Otto Wolf’s luck continued at the nursing facility.
“He met my mom, who was working there as a volunteer,” Wolf says.
Their marriage brought son Heinz and daughter Lore, who at ages 5 and 8, respectively, made the journey with their parents on a freight and passenger steamer from Germany to the United States, where Otto had brothers living in Buffalo.
“My dad was a Social Democrat, and he really had to get out of Germany. Hitler and his gang hated the Social Democrats,” Wolf says.
But at 19, Wolf would begin his journey back to Germany as an American airman, fighting against his native land, where grandparents and other relatives still lived.
After being drafted, he volunteered for the Army Air Forces and served in the 8th Air Force as a waist gunner in a B-17 bomber, also known as a Flying Fortress, in the 350th Squadron, 100th Bomb Group, which had its own nickname – “The Bloody 100th.”
Wolf and his fellow crew member flew 30 successful daylight bombing missions from England to Germany, often encountering anti-aircraft fire.
“There weren’t many German fighter planes because their air force was pretty much decimated at that point,” Wolf says, “but the flak – that was our problem. On one flight, we lost our tail gunner on one of the toughest targets in Germany, a synthetic oil plant that was still going.”
An 88 mm artillery round had exploded into the rear horizontal stabilizer of the B-17 and killed the tail gunner, Wolf said.
“We couldn’t keep up with the rest of formation, and we were all alone flying home from Germany,” Wolf says. “The pilot had a hell of a time. We were lucky. We had a good pilot.”
Another time, returning from a bombing run above Munich, one of the four engines quit, and again their aircraft was unable to remain in the formation. And if that wasn’t enough, the plane also ran out of fuel in the home stretch.
“We were trying to land in Rochester, England, and had circled around the city, trying to get to the landing strip when we ran out of fuel and crash landed between two rows of apartments on a hillside,” Wolf says. “There was just enough room. That was really luck.”
Emerging from the wreckage, the crew was greeted by Britons, who took them to a pub for a celebration that lasted three days, with temporary housing provided in an apartment above the watering hole.

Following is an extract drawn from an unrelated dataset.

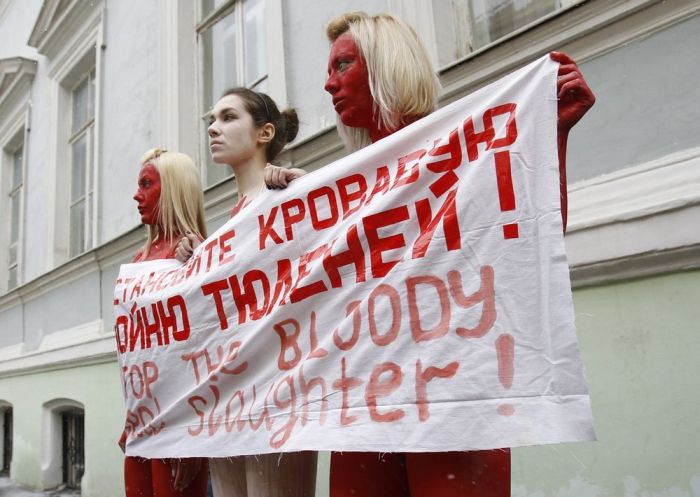 PETA Protest in Moscow (8 pics)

“We had a ball there,” Wolf says. “We gave our parachutes to the women, who used the material to make clothing.”
After the war, Wolf returned to Buffalo grateful to be alive and began an apprenticeship as a plumber, following a family tradition of learning a trade. His father had been locksmith.
But Wolf was ambitious and took a civil service test that opened the door for him to join the Buffalo Fire Department, working for 23 years as a firefighter and, on the side, operating his own plumbing business.
He married Rita Heaney, and they raised two daughters.
Throughout his long life, he says, his passion and hobby has been skiing, including service in the ski patrol at Holiday Valley, which continued up until two years ago.
“Skiing is the best sport in the world,” he says of the thrills of swooshing down a slope with fresh powder.
Intense as that experience may be, he says, it doesn’t begin to compare with what it was like to fly over enemy territory and stare death in the face.